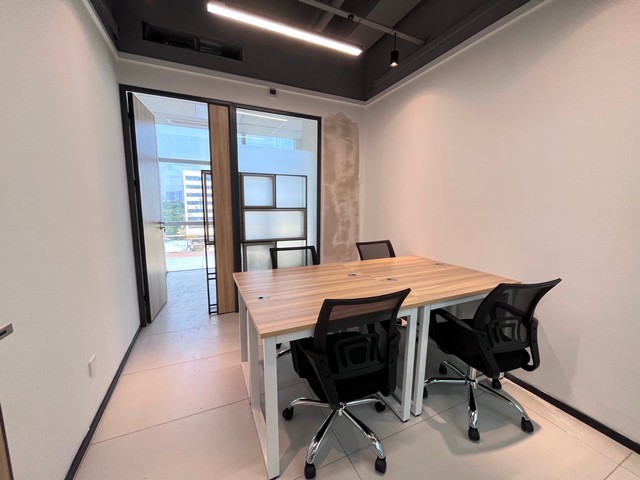 海南输送机设备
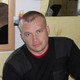 валерий, 45 (1 фото, 0 видео)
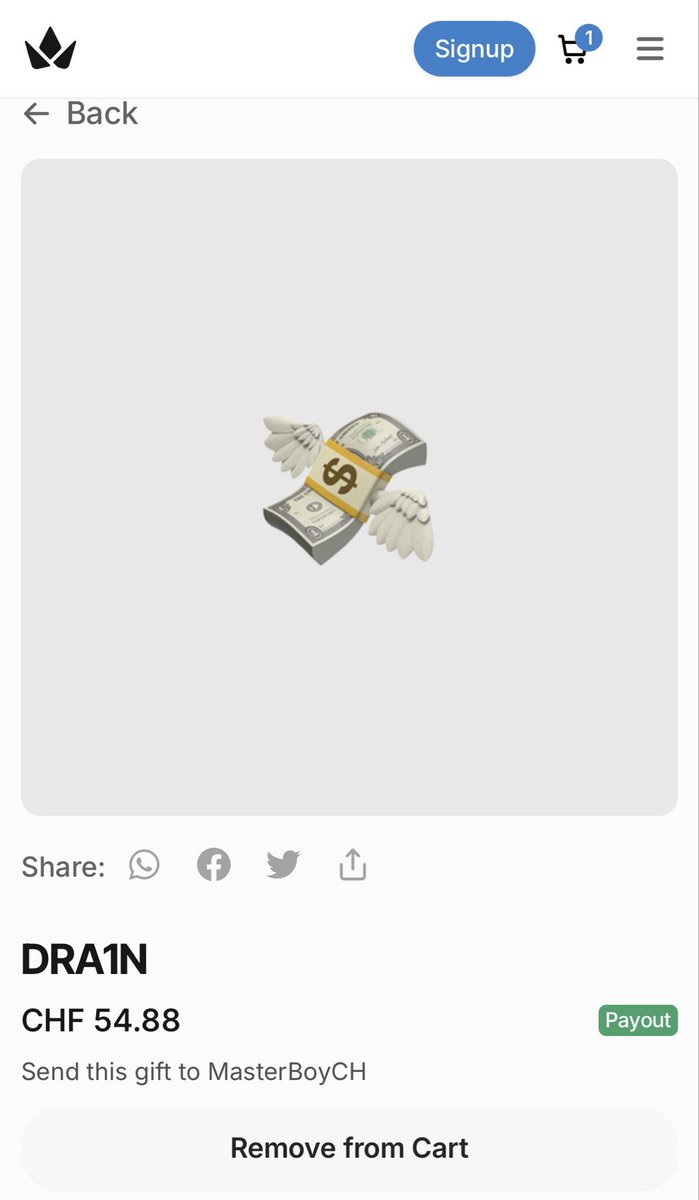 OwnedChastSlave tweet media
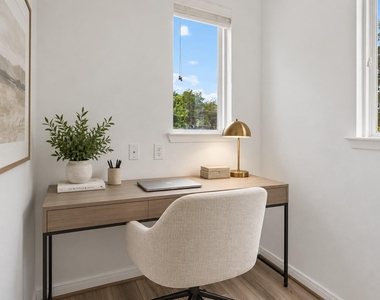 1526 Ojeman Road - Photo Thumbnail 7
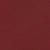 View fabric To Buy: Enduratex Sierra Montana Dark Carmine 6122 Upholstery Fabric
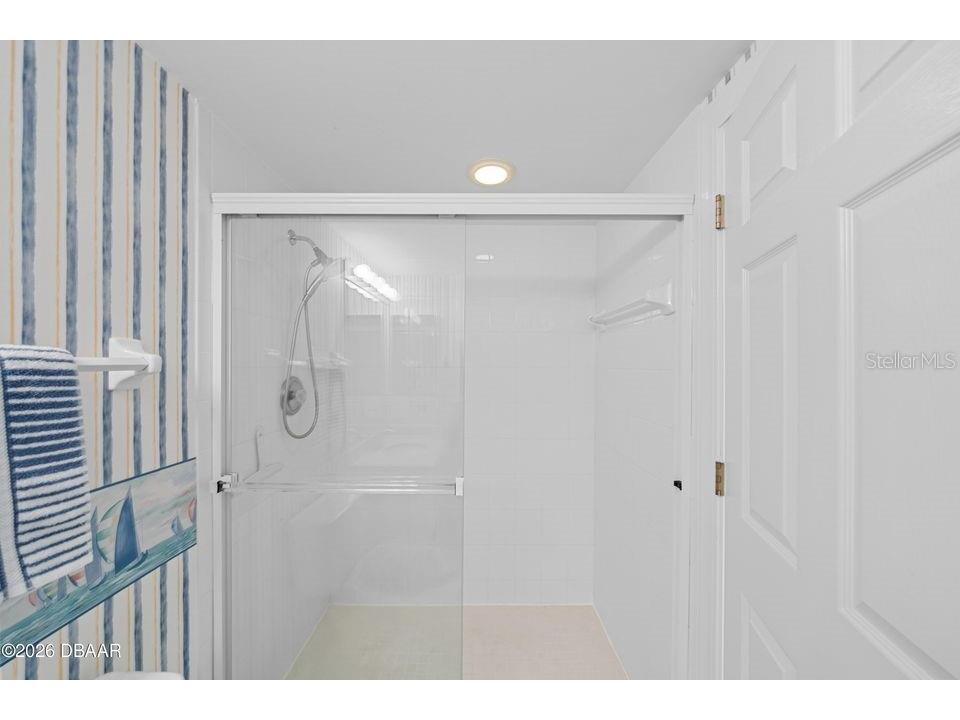 4575 S Atlantic Avenue #6303 Port Orange FL 32127 NS1087452 image30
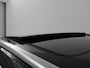 Audi A4 2.0 TFSI quattro Pro Line | Panoramadak | Bang & Olufsen | Xenon | Navigatie Plus | Climate control | Virtual Cockpit | Cruise control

[Problem statement]
All lines from the one holding "4575 S Atlantic" to the end of the listing above need to be duplicated exactly. None of the pictures should be included.

[Expected output]
 4575 S Atlantic Avenue #6303 Port Orange FL 32127 NS1087452 image30
 Audi A4 2.0 TFSI quattro Pro Line | Panoramadak | Bang & Olufsen | Xenon | Navigatie Plus | Climate control | Virtual Cockpit | Cruise control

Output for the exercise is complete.